The question may not be hypothetical, especially if you are in the millennial, Gen X or Gen Z demographic groups. That’s because the baby boomers – often referred to as the richest generation in history – are poised to transfer some $30 trillion in assets over the next few decades, according to the consulting firm Accenture.
Of course, this is a “macro” figure, and everyone’s situation is different. Furthermore, since baby boomers are living longer, more active lives, the total amount passed on may end up being considerably less than the estimate. Nonetheless, you may well receive a medium-to-large inheritance someday, and when that day arrives, you’ll need to decide how best to use your newfound wealth.
Your first move may be to do nothing at all. Generally speaking, you have enough time to decide how to handle the various elements of an inheritance, although if you are inheriting an investment vehicle such as an IRA or a 401(k) plan, you will eventually have to make some decisions about liquidation or withdrawals. (And since these accounts may carry tax obligations, it’s a good idea to consult with your tax advisor fairly soon after you receive your inheritance.) But if a big part of your inheritance simply consists of cash parked in a bank account, there’s nothing wrong with moving the money into a cash management account at a financial services company until you decide what to do with it.
However, after some time has passed, you may want to put your inheritance to good use. If you’re already working with a financial advisor, you might want to get some guidance on how to use your new assets to strengthen your existing investment strategy. Do you have any gaps in certain areas? Can you use the money to help diversify your holdings? Diversification can’t guarantee profits or protect against all losses, but it can help reduce the impact of volatility on your portfolio.

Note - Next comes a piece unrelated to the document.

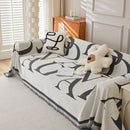 Chenille Jacquard Alphabet Sofa Blanket Cover, L Shape Sofa Cover, Reversible Couch Covers for Dogs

And, of course, if your inheritance is large enough, it may permit you to “max out” on your IRA for years to come, and possibly free you to have even more of your salary deferred into your 401(k) or similar employer-sponsored retirement account. Plus, you could use the money for other long-term goals, such as funding a tax-advantaged 529 college savings plan for your children.
You also might use part of your inheritance to donate to the charitable organizations you support. Due to recent changes in tax laws that caused many people to stop itemizing their deductions, charitable groups are in more need of support than ever.

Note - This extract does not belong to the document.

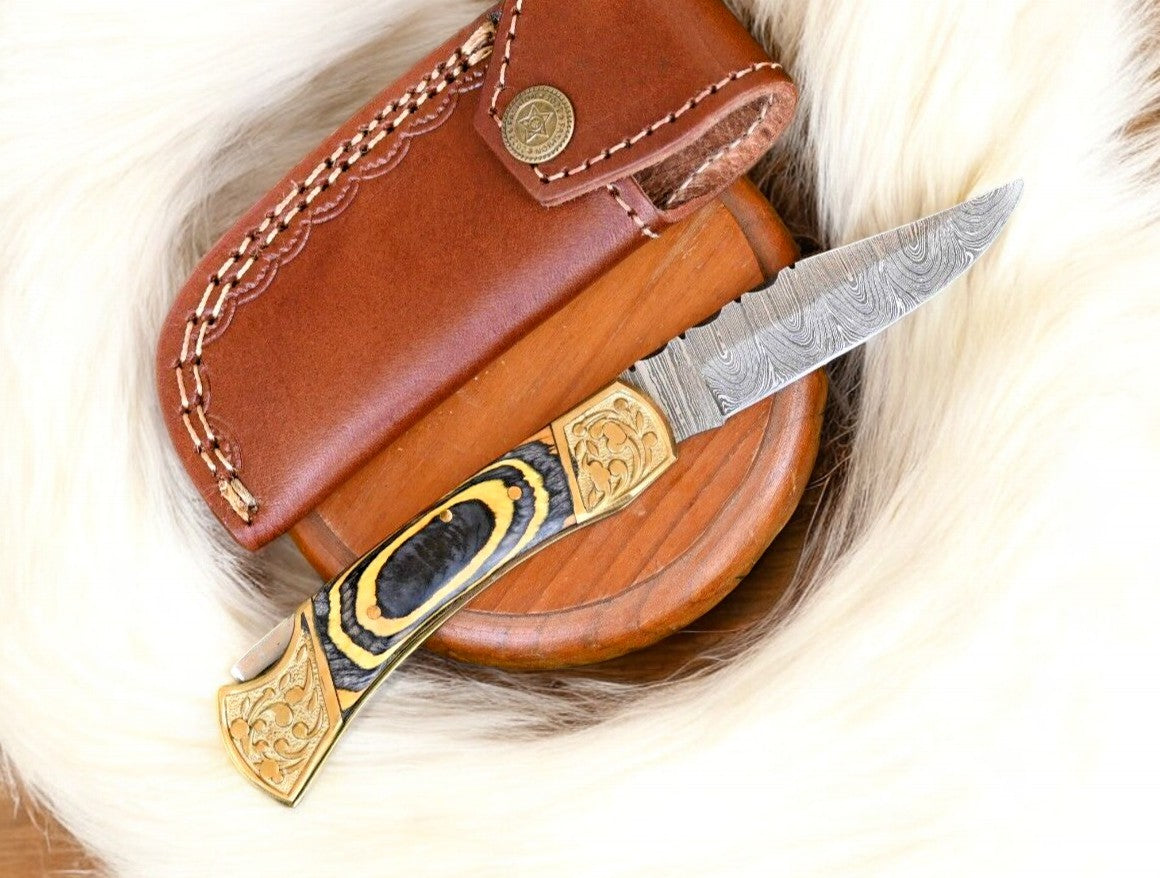Handmade Damascus Folding Knife – Exotic Wood Handle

And last, but certainly not least, take this opportunity to review your goals. Is your inheritance large enough for you to adjust your planned retirement age? And if that age may indeed change, what about your other plans for retirement? Will you now be free to travel more or pursue other hobbies? Will you even need to modify the way you invest for your new reality, possibly by taking a less aggressive approach? Again, a financial professional can help you answer these questions.
Someone thought enough of you to leave you a valuable inheritance – so use it wisely.